Brad Richardson, Damian Rouson, Harris Snyder, Robert Singelterry, "Framework for Extensible, Asynchronous Task Scheduling (FEATS) in Fortran", Workshop on Asynchronous Many-Task Systems and Applications (WAMTA'23), Baton Rouge, LA, February 2023, doi: 10.25344/S4ZC73
Most parallel scientific programs contain compiler directives (pragmas) such as those from OpenMP, explicit calls to runtime library procedures such as those implementing the Message Passing Interface (MPI), or compiler-specific language extensions such as those provided by CUDA. By contrast, the recent Fortran standards empower developers to express parallel algorithms without directly referencing lower-level parallel programming models. Fortran’s parallel features place the language within the Partitioned Global Address Space (PGAS) class of programming models. When writing programs that exploit data-parallelism, application developers often find it straightforward to develop custom parallel algorithms. Problems involving complex, heterogeneous, staged calculations, however, pose much greater challenges. Such applications require careful coordination of tasks in a manner that respects dependencies prescribed by a directed acyclic graph. When rolling one’s own solution proves difficult, extending a customizable framework becomes attractive. The paper presents the design, implementation, and use of the Framework for Extensible Asynchronous Task Scheduling (FEATS), which we believe to be the first task-scheduling tool written in modern Fortran. We describe the benefits and compromises associated with choosing Fortran as the implementation language, and we propose ways in which future Fortran standards can best support the use case in this paper.
Katherine Rasmussen, Damian Rouson, Naje George, Dan Bonachea, Hussain Kadhem, Brian Friesen, "Agile Acceleration of LLVM Flang Support for Fortran 2018 Parallel Programming", Research Poster at the International Conference for High Performance Computing, Networking, Storage, and Analysis (SC22), November 2022, doi: 10.25344/S4CP4S
The LLVM Flang compiler ("Flang") is currently Fortran 95 compliant, and the frontend can parse Fortran 2018. However, Flang does not have a comprehensive 2018 test suite and does not fully implement the static semantics of the 2018 standard. We are investigating whether agile software development techniques, such as pair programming and test-driven development (TDD), can help Flang to rapidly progress to Fortran 2018 compliance. Because of the paramount importance of parallelism in high-performance computing, we are focusing on Fortran’s parallel features, commonly denoted “Coarray Fortran.” We are developing what we believe are the first exhaustive, open-source tests for the static semantics of Fortran 2018 parallel features, and contributing them to the LLVM project. A related effort involves writing runtime tests for parallel 2018 features and supporting those tests by developing a new parallel runtime library: the CoArray Fortran Framework of Efficient Interfaces to Network Environments (Caffeine).

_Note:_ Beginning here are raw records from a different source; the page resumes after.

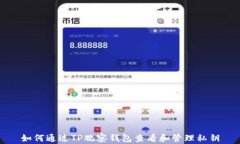 如何通过TP观察钱包查看和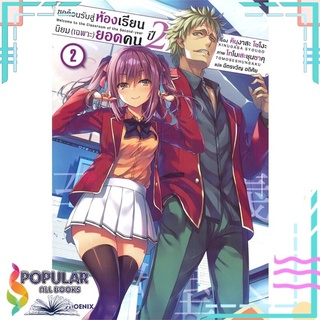 หนังสือ ขอต้อนรับสู่ห้องเรียนนิยม(เฉพาะ)ยอดคน ปี2 เล่ม 2 (LN)#  PHOENIX-ฟีนิกซ์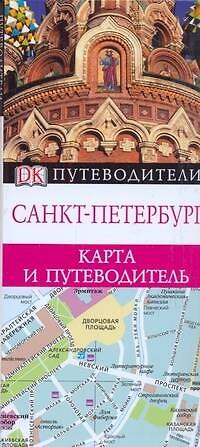Книга Санкт-Петербург. Карта и путеводитель () — 1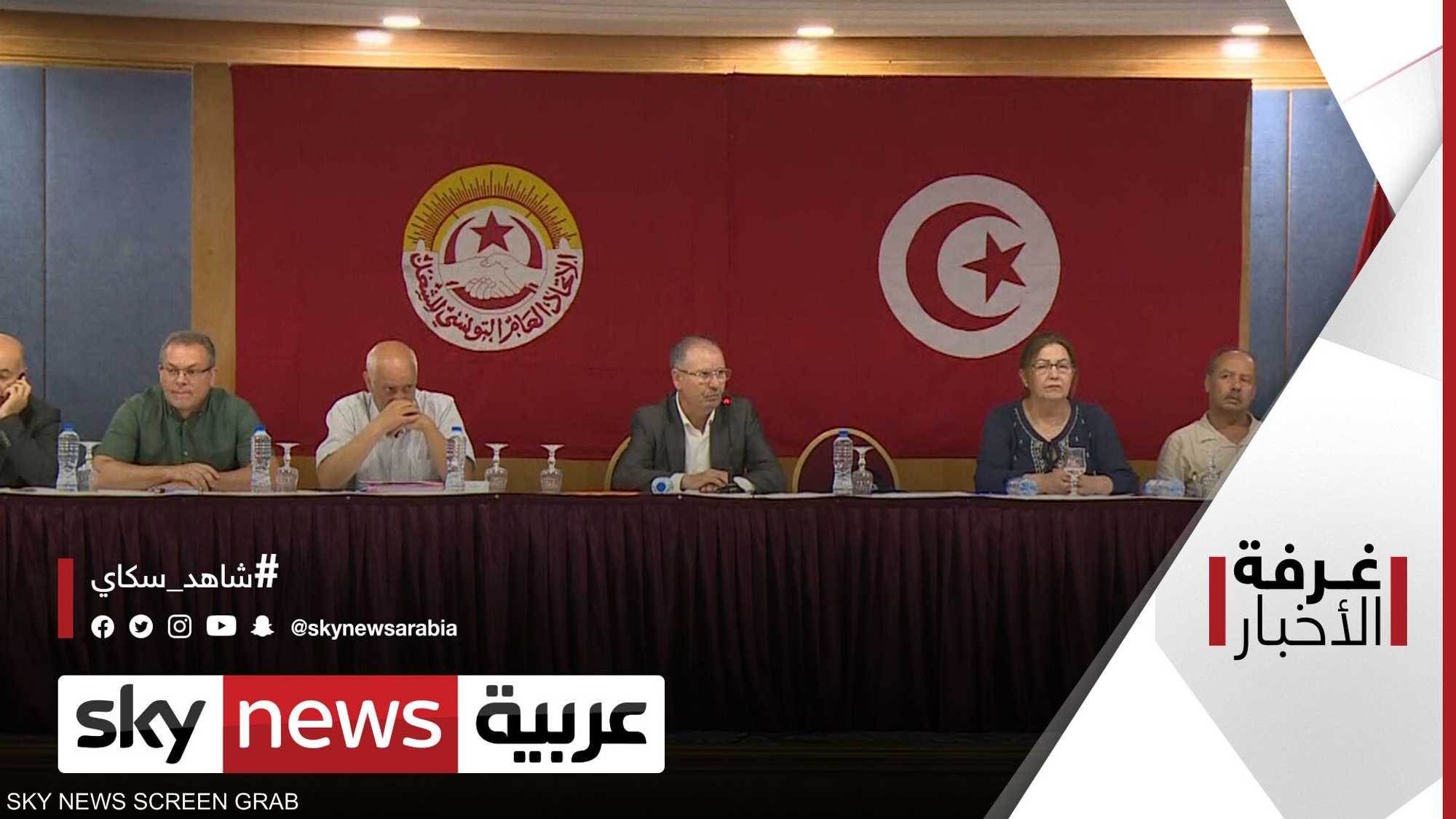 دستور تونس.. جدال بانتظار الاستفتاء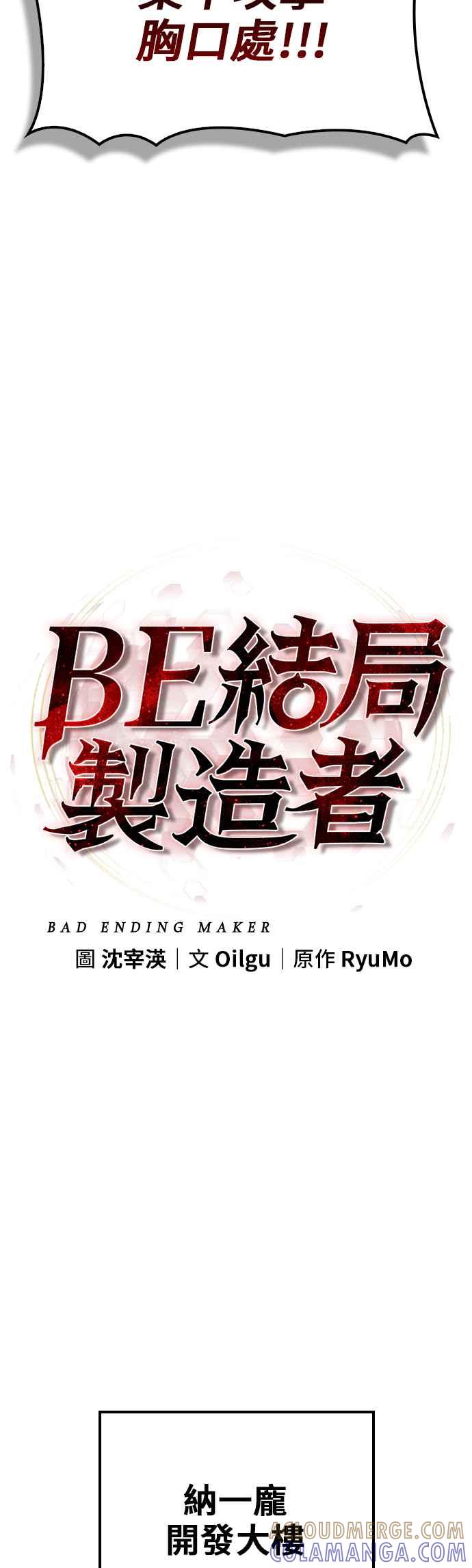 《BE结局制造者》第58话 第46页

Damian Rouson, Dan Bonachea, "Caffeine: CoArray Fortran Framework of Efficient Interfaces to Network Environments", Proceedings of the Eighth Annual Workshop on the LLVM Compiler Infrastructure in HPC (LLVM-HPC2022), Dallas, Texas, USA, IEEE, November 2022, doi: 10.25344/S4459B
This paper provides an introduction to the CoArray Fortran Framework of Efficient Interfaces to Network Environments (Caffeine), a parallel runtime library built atop the GASNet-EX exascale networking library. Caffeine leverages several non-parallel Fortran features to write type- and rank-agnostic interfaces and corresponding procedure definitions that support parallel Fortran 2018 features, including communication, collective operations, and related services. One major goal is to develop a runtime library that can eventually be considered for adoption by LLVM Flang, enabling that compiler to support the parallel features of Fortran. The paper describes the motivations behind Caffeine's design and implementation decisions, details the current state of Caffeine's development, and previews future work. We explain how the design and implementation offer benefits related to software sustainability by lowering the barrier to user contributions, reducing complexity through the use of Fortran 2018 C-interoperability features, and high performance through the use of a lightweight communication substrate.